Jovens brasileiros pedem ao papa Francisco que lute contra o racismo

Por: Vicente Nunes – Correspondente (Correio Braziliense) — Um grupo de 18 jovens brasileiros (quilombolas, indígenas e negros da periferia) preparou um documento com uma série de pedidos para ser entregue ao Papa Francisco durante a Jornada Mundial da Juventude, que começa nesta terça-feira (01/08) e vai até domingo (06/08). A meta é que o chefe da Igreja Católica lidere um movimento em defesa da população afrodescendente no Brasil, vítima do racismo estrutural e da violência policial. Na carta aberta, como denominam, enfatizam que quase 90% dos negros brasileiros vivem na pobreza, sendo discriminados no mercado de trabalho e na execução de políticas públicas.
“A violência policial é uma triste realidade, com jovens negros sendo alvos da polícia racista diariamente. Essa violência é a expressão do racismo estrutural presente em diversos países”, diz o documento ao qual o Correio teve acesso. E ressalta: “O racismo estrutural resulta na falta de acesso adequado à saúde e no descaso do governo em relação às comunidades quilombolas, favelas e outras áreas periféricas, onde residem quase 90% da população afro-brasileira. Essas comunidades enfrentam desigualdades no acesso aos serviços de saúde, bem como a falta de políticas públicas que atendam suas necessidades específicas”.
Para os jovens brasileiros, que desembarcaram nesta segunda-feira (31/07) em Lisboa, não é mais aceitável que os negros continuem tendo salários que correspondam a 57,7% dos recebidos pelos brancos nas mesmas funções. Eles denunciam, ainda, o aumento da intolerância religiosa no Brasil. “Solicitamos que a Igreja católica se posicione firmemente contra as invasões e destruições dos terreiros de religiões de matrizes africanas, que representam uma forma brutal de racismo religioso. Pedimos seu apoio para promover a paz, a harmonia e o respeito entre as diferentes expressões religiosas”, frisam no documento.
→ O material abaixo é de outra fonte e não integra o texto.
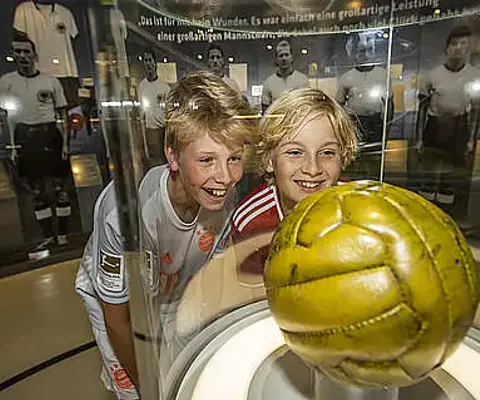 Kinder betrachten ein Exponat im Museum und tauschen sich aus.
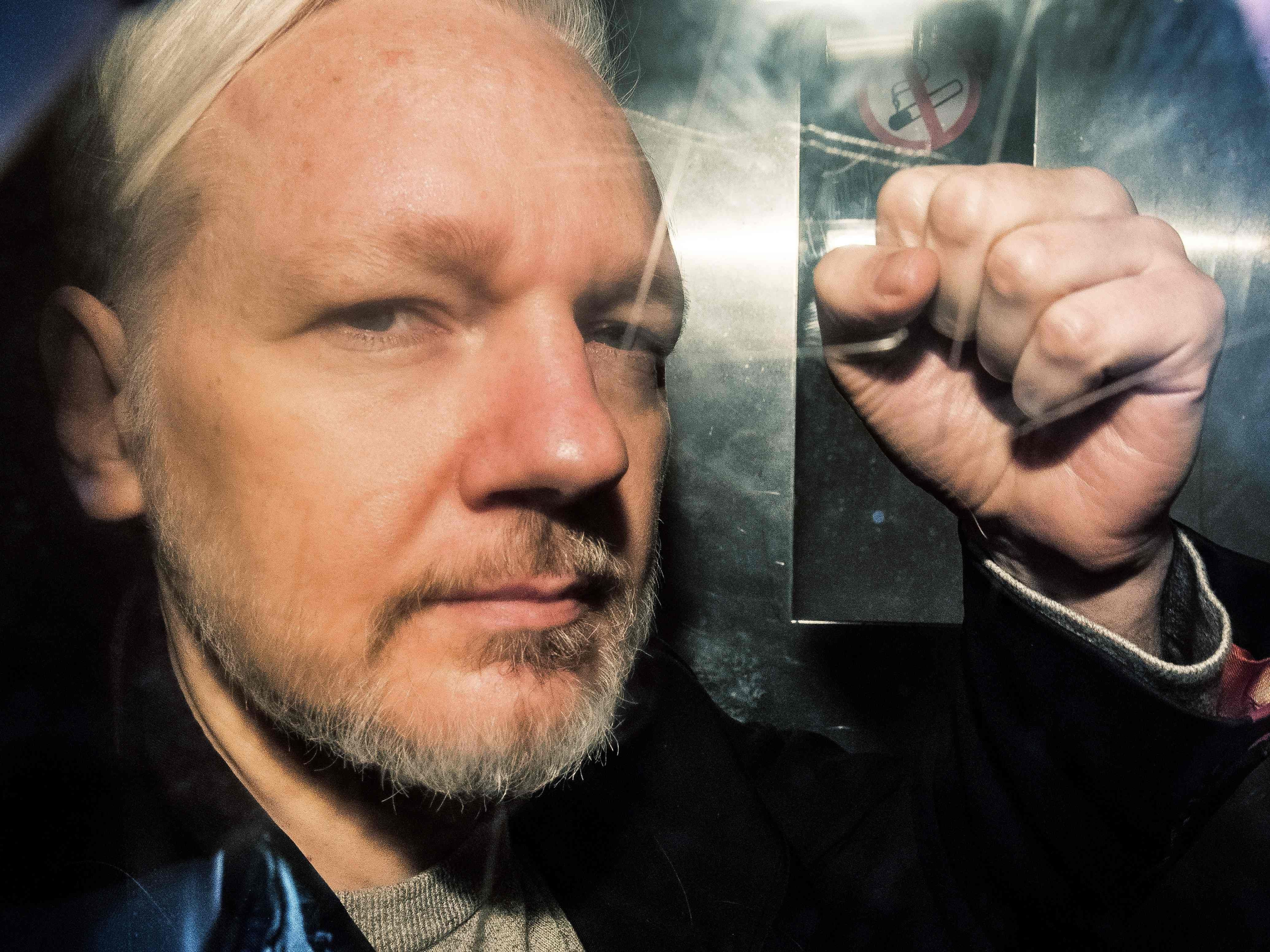 Wikileaks-Gründer Julian Assange gestikuliert aus dem Fenster eines Gefängnis-Busses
Na visão dos jovens, o Papa também deve encabeçar uma ampla campanha contra os casos de abusos sexuais e o turismo sexual nas comunidades quilombolas e nas aldeias indígenas, onde meninas são vítimas constantes dessas violências. “Essas situações geram traumas profundos e causam danos irreparáveis”, reforçam na carta. Outro pedido é para que Francisco interceda junto às autoridades brasileiras para conter a violência contra políticos negros — entre 2018 e 2022, quase 100 parlamentares, eleitos legitimamente, foram perseguidos ou assassinados.
Mais educação
Para os jovens, um dos caminhos para se superar a pobreza histórica dos negros é a educação. Por isso, reivindicam que o Papa garanta uma cota de 30% das vagas em escolas católicas. Hoje, menos de 5% dos estudantes dessas instituições de ensino básico, fundamental e universitário são negros. No entender deles, também é necessário que a Igreja permita a ascensão de religiosos negros a cargos de liderança. A falta de representatividade, alegam, está na raiz da fuga da população afrodescendente das igrejas católicas. “É essencial que a Igreja aborde essas desigualdades e trabalhe para promover a igualdade racial em seu interior”, reforçam.
Apesar da disposição em fazer o documento chegar às mãos de Francisco, nada indica que isso vai acontecer, devido ao forte esquema de segurança montado em torno do pontífice. Mesmo entre os líderes da Igreja em Portugal, serão pouquíssimos os que terão acesso direto ao Papa. Os bispos selecionados para dar as boas-vindas ao chefe da Igreja terão de passar por revistas. Os 18 jovens foram selecionados pela Educafro, instituição que defende os interesses da população afrodescendentes, a pedido da organização da Jornada Mundial da Juventude.